Renting out your property should be a good way to earn extra cash. Just don’t forget to pay your tax.
Most of us dream at some point of what it would be like to up sticks and move to another country, and every year thousands of us act on that dream. During the year to June 2017, for example, 342,000 people living in the UK chose to move elsewhere, 26,000 more than the previous year, according to the Office for National Statistics. If you’re keen to join them, but want to keep your UK property to rent out, just make sure you’re aware of the tax implications.
If you live abroad for six or more months per year, HM Revenue & Customs (HMRC) will automatically treat you as a non-resident landlord, even if you are technically resident in the UK for tax purposes. As a non-resident landlord, you can pay tax in one of two ways. If you let your property through an agent or property manager, they must adhere to the non-resident landlord scheme (NRL), and deduct basic-rate tax from your rent (after any expenses they’ve incurred) before transferring it to you. Where a property is jointly owned, the share of rental income that goes to the non-resident landlord falls within the NRL scheme.
If your tenant pays you directly, and pays more than £100 per week, they must also operate the NRL scheme. (Note that agents must deduct the tax regardless of the amount of rent they collect.) At the end of the tax year, they’ll provide you with a certificate stating how much tax they’ve deducted and, if applicable, you can offset this against your tax bill.

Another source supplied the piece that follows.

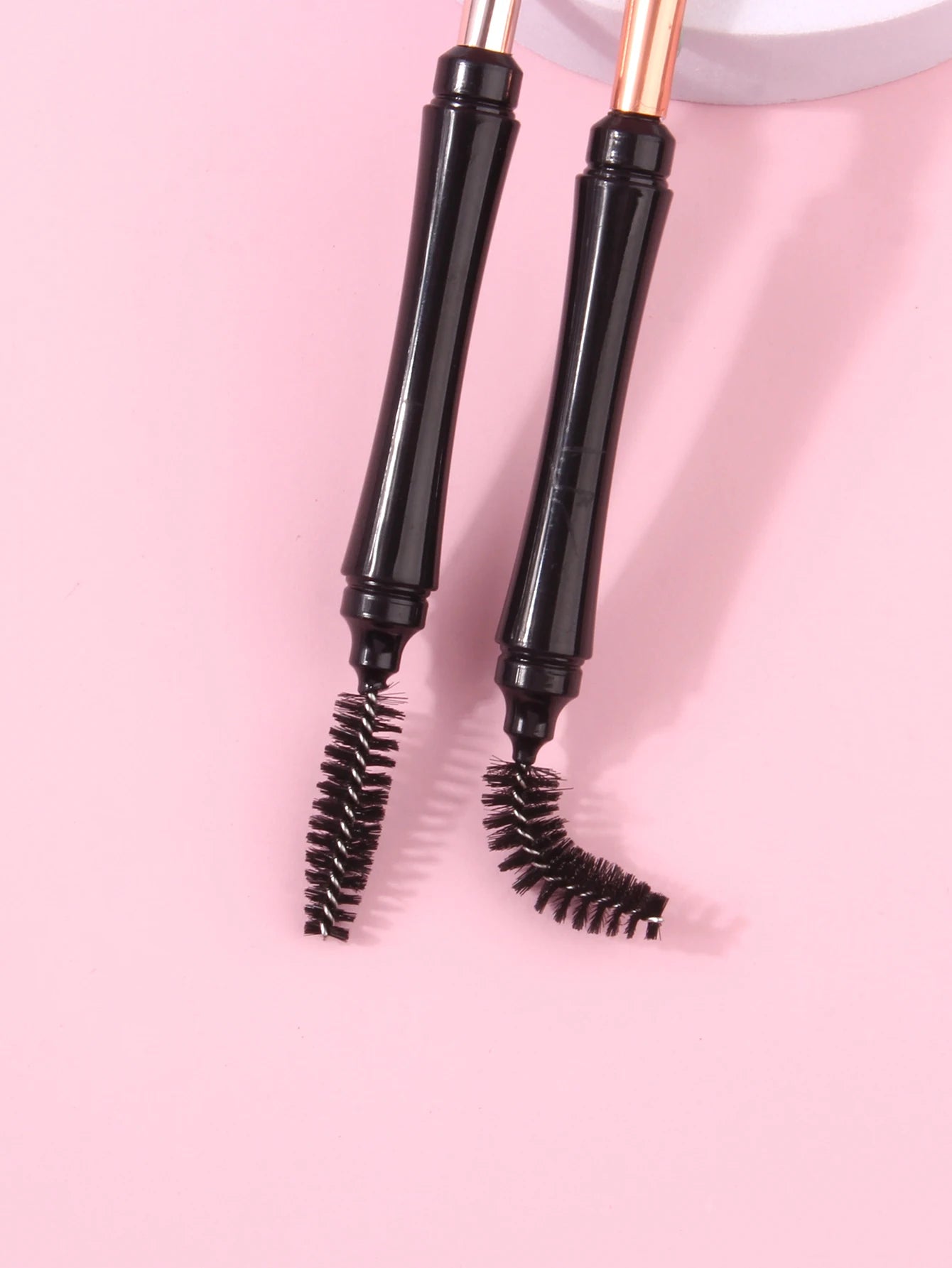 Mini Pinceau Double Embout Fards & Eyeliner – Couvercle Anti-Poussière | Microbrush Cils & Sourcils Portable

If you’d rather pay the tax via your self-assessment return, you need to apply to HMRC for permission to do this, using form NRL1i. If the tax office approves your application, it will tell your letting agent or tenant not to deduct rent at source, and you will instead have to declare your income through your tax return. This option obviously allows you to keep hold of the cash for longer, but may be less convenient than having tax deducted at source.
Wait a minute, Mr Postman
Whichever option you choose, you need to declare your rental income to HMRC, unless it tells you not to. Just be aware that you won’t be able to use HMRC’s online services – you will have to send your return in via post, using software, or through your accountant. You will need to fill in the “residence” section (form SA109) and the “property” section (form SA105). The deadline for filing a paper tax return is earlier than that for filing digitally – 31 October rather than 31 January.
Be aware that in this situation you may be taxed twice on your property income – both in the UK and the country in which you now live. However, depending on where you live, it may be possible to claim some of this back via a double-taxation agreement. This can take the form of full or partial relief before you’ve paid the tax, or a refund after you’ve paid it. Go to www.gov.uk/government/collections/tax-treaties to look up the relevant agreement. If the tax rates differ between the two countries, you will have to pay the higher of the two.
As each tax treaty is agreed between the UK and the other country in question, the UK’s departure from the European Union should not affect these arrangements. Although it is possible to apply for this relief or refund yourself, if your circumstances are complicated you may want to take financial advice to ensure you claim everything to which you are entitled.